The Board will give but a single, brief illustration of this, taken from the transcript of the appellant’s examination-in-chief. The appellant was being questioned about his knowledge of a particular client’s transactions. The Commissioner intervened:
“There is no question, is there, of his having snooked just a teeny-weeny bit of his money, £49,000, out without paying tax on it, or anything like that?”
And a little later: “We just want a picture of where, in his case, this minute quantity of cash went.”
No one has found it possible to defend the Commissioner’s conduct of this trial. As the Court of Appeal record in its judgment (para 45), junior counsel then appearing for the Attorney-General accepted that “a significant part [of the interventions] amounted to cross-examination, sometimes apparently hostile or incredulous in tone. [They were also] much too frequent, especially during examination in chief of the applicant.”

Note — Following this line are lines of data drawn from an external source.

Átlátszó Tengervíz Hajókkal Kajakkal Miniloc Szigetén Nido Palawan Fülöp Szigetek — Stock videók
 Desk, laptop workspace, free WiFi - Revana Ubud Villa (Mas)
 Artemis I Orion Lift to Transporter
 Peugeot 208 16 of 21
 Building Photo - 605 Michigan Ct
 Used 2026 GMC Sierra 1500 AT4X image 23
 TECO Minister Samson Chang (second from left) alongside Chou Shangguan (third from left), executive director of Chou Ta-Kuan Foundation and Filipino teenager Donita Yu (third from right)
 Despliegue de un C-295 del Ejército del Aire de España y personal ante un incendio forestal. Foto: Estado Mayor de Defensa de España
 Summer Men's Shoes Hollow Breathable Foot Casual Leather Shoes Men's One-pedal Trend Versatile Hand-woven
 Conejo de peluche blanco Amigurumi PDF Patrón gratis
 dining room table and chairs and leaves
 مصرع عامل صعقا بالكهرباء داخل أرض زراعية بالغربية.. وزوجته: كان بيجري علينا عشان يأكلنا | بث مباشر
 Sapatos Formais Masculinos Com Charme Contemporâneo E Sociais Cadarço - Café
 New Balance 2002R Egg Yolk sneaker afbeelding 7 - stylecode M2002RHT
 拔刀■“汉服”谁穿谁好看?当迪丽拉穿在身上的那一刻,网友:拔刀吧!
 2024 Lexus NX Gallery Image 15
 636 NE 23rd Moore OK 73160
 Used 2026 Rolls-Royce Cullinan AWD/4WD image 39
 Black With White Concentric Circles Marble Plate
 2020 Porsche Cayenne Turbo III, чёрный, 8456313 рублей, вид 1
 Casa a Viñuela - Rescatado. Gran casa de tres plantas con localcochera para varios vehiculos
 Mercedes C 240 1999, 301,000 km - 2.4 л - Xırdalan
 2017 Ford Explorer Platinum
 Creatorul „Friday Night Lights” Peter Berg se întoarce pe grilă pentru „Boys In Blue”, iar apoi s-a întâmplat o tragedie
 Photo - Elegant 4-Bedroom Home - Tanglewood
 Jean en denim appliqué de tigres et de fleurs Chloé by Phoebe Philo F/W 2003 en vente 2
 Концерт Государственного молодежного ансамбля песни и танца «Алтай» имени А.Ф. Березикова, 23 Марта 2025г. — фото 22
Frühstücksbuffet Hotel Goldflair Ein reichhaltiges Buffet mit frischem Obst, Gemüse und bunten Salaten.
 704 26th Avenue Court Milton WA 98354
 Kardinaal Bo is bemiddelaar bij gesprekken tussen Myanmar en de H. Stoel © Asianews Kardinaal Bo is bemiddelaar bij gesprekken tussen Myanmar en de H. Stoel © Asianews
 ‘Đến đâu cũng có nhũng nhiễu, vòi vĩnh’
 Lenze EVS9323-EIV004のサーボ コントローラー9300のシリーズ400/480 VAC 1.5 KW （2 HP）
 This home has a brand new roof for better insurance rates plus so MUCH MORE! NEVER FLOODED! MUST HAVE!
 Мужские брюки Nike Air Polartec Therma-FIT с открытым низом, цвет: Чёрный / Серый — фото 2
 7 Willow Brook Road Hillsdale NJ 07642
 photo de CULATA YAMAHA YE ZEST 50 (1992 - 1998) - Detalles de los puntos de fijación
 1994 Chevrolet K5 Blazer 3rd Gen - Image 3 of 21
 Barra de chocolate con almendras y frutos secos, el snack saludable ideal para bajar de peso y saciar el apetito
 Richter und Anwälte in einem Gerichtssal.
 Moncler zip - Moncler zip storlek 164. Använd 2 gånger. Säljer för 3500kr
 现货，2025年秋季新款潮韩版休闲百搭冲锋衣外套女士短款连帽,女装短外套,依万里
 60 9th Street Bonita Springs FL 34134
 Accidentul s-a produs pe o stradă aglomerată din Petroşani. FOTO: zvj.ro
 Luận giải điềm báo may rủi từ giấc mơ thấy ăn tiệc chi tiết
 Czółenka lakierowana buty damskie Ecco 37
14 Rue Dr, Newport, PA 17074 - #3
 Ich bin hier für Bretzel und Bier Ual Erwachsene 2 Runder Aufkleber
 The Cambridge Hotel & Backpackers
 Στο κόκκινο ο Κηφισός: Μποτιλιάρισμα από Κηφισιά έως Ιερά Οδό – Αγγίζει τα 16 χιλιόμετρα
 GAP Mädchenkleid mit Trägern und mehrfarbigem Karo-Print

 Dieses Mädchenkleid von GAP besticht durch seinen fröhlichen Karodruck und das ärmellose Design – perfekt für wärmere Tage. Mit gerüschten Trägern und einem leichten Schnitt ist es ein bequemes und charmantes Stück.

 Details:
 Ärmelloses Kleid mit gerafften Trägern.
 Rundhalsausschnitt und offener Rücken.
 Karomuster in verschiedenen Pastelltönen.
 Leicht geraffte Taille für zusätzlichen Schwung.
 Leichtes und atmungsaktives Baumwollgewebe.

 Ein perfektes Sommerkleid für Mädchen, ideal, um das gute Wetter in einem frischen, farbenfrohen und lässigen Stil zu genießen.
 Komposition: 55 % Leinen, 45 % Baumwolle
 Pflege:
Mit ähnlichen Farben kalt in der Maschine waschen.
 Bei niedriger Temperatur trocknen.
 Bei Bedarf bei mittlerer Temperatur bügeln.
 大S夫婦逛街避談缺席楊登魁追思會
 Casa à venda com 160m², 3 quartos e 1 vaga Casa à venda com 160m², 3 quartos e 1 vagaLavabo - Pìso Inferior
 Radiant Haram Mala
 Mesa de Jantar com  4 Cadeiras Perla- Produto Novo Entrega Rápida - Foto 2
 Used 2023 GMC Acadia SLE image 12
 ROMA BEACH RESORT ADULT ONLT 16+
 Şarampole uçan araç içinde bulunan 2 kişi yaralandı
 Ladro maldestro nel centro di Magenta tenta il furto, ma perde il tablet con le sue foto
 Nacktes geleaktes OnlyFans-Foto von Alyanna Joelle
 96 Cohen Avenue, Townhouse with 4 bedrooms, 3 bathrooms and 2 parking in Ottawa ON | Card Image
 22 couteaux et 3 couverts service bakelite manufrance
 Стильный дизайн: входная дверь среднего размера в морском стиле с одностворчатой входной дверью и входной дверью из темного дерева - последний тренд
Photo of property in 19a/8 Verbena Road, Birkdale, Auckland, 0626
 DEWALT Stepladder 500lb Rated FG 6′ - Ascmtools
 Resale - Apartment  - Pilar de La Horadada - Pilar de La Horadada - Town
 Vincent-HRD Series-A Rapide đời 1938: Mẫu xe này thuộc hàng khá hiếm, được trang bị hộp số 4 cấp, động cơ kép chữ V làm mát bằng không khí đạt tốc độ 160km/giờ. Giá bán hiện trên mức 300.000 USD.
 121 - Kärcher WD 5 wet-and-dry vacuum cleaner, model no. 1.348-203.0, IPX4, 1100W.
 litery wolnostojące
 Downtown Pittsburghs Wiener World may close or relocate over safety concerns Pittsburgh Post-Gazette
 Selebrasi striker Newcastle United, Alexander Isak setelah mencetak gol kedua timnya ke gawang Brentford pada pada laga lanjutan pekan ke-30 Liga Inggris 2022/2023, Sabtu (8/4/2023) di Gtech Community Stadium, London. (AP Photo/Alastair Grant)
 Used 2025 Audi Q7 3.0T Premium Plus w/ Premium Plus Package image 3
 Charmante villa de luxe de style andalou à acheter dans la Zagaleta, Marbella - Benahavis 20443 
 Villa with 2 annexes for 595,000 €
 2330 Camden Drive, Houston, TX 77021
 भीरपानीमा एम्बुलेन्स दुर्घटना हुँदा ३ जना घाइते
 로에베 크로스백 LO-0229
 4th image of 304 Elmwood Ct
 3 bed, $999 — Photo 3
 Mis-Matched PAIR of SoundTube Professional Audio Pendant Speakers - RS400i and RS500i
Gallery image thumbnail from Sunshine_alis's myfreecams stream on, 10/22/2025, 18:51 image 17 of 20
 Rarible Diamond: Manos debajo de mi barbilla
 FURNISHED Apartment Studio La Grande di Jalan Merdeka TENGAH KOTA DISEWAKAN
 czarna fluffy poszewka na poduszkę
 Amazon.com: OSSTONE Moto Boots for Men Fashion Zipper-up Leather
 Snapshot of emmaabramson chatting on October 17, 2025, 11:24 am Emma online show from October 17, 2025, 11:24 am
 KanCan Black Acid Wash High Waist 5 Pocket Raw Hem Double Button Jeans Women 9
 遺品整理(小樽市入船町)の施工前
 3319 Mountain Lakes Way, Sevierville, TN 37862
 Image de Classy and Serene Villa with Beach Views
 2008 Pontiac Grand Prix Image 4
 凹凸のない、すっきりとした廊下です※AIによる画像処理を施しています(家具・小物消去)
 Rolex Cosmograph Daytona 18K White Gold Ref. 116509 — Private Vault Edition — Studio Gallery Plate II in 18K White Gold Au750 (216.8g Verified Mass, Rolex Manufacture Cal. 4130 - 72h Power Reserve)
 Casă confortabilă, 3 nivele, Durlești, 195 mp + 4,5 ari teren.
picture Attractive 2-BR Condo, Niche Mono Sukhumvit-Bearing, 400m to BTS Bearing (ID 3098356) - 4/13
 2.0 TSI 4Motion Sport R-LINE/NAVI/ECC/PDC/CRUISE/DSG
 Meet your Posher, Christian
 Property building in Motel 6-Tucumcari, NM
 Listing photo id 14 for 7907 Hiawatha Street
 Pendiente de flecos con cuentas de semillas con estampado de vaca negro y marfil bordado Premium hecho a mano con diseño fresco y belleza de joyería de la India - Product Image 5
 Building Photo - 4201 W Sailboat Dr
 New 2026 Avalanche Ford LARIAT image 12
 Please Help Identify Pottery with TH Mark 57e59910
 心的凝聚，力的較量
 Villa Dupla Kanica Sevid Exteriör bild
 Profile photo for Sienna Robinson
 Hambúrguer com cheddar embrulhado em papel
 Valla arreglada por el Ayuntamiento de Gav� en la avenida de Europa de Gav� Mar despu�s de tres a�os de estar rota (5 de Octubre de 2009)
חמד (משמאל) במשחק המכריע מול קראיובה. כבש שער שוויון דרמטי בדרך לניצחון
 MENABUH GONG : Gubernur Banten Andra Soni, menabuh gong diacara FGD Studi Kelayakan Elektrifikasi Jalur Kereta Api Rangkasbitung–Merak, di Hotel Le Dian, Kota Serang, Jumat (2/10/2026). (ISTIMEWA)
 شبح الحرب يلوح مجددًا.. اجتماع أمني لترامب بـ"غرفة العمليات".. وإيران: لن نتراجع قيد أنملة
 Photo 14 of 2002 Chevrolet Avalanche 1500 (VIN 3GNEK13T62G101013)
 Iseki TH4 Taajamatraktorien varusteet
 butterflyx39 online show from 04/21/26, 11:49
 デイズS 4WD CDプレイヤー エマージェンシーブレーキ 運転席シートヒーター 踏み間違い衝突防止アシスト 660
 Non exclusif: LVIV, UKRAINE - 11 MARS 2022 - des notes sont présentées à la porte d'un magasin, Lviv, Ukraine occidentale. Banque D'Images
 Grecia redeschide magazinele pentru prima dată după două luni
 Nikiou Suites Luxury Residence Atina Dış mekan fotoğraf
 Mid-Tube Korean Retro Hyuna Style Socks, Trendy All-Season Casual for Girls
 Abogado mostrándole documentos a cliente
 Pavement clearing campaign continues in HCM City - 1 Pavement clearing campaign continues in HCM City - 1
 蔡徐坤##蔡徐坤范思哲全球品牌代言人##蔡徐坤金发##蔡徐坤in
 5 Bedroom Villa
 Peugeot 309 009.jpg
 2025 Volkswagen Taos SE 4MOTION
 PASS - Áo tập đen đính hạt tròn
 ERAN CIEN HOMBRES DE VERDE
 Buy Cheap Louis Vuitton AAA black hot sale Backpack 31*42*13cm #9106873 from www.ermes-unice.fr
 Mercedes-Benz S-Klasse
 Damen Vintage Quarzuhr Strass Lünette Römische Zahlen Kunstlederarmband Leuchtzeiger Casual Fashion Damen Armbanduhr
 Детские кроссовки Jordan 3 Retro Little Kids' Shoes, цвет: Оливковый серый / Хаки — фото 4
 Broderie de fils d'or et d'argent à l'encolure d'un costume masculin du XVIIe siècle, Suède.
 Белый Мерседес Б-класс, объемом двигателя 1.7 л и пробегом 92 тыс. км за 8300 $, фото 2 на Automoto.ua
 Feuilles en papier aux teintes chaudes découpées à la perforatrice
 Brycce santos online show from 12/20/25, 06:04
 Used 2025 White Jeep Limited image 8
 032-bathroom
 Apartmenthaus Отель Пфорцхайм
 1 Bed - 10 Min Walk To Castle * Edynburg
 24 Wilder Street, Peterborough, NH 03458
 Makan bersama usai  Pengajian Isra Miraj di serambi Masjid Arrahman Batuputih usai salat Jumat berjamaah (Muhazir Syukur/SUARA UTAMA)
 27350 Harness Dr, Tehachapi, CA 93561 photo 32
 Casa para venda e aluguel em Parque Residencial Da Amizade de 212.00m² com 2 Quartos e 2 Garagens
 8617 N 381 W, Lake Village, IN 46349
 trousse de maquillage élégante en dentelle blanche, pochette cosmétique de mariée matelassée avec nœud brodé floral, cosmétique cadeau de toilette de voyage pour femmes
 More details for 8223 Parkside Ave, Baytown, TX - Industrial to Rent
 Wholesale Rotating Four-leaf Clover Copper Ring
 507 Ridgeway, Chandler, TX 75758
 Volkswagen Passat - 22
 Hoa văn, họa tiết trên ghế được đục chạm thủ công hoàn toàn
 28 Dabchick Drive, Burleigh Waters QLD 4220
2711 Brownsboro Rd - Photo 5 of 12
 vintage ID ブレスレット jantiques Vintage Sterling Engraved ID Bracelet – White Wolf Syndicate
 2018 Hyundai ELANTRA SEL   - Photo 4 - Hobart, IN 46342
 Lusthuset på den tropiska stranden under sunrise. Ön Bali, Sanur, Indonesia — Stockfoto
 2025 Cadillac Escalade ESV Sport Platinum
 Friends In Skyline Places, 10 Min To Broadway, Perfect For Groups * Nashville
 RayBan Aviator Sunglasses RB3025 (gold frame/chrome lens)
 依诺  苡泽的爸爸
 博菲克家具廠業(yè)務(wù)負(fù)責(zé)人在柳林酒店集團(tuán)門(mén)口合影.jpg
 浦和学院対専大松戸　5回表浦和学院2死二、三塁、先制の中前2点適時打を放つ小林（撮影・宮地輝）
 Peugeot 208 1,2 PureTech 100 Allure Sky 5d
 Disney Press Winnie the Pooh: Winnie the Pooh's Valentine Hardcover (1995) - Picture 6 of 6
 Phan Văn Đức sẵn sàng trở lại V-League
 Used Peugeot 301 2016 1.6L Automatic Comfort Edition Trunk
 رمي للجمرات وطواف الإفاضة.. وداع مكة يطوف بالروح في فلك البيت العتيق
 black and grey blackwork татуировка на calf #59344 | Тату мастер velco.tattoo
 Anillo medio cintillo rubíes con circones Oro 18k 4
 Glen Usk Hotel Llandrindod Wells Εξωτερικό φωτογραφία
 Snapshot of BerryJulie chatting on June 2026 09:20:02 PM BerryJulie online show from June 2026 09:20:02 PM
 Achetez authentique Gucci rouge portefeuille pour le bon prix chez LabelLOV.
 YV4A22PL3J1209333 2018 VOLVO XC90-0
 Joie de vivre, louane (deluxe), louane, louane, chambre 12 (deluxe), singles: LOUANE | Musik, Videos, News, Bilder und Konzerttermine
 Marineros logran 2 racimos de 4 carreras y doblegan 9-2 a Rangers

The Court of Appeal (at para 71) expressed its own view thus:
“The Court has found it very surprising that the Commissioner should have intervened to the extent which he did. The Court has no hesitation in agreeing with both counsel that the nature and extent of the Commissioner’s interventions were improper. He asked far too many questions and, although many were perfectly proper, a significant proportion were in the nature of cross-examination designed to test the evidence, particularly that of or favourable to the applicant. It is perfectly proper—indeed it is his duty—for a judge to intervene for the purposes described by Rose LJ in Tuegel [R v Tuegel 2002 Cr App R 361 where Rose LJ referred to the judge’s ‘duty to ask questions which clarify ambiguities in answers previously given or which identify the nature of the defence, if this is unclear’]. But it is not proper for a judge to descend into the arena to the extent that the Commissioner did in this case.”
Before the Board, both the Attorney-General himself and Mr David Farrer QC appearing with him similarly acknowledged that the Commissioner’s interventions were both excessive and inappropriate. Their arguments were confined to the question whether the Court of Appeal was nevertheless entitled to conclude that these interventions did not result in the trial being unfair.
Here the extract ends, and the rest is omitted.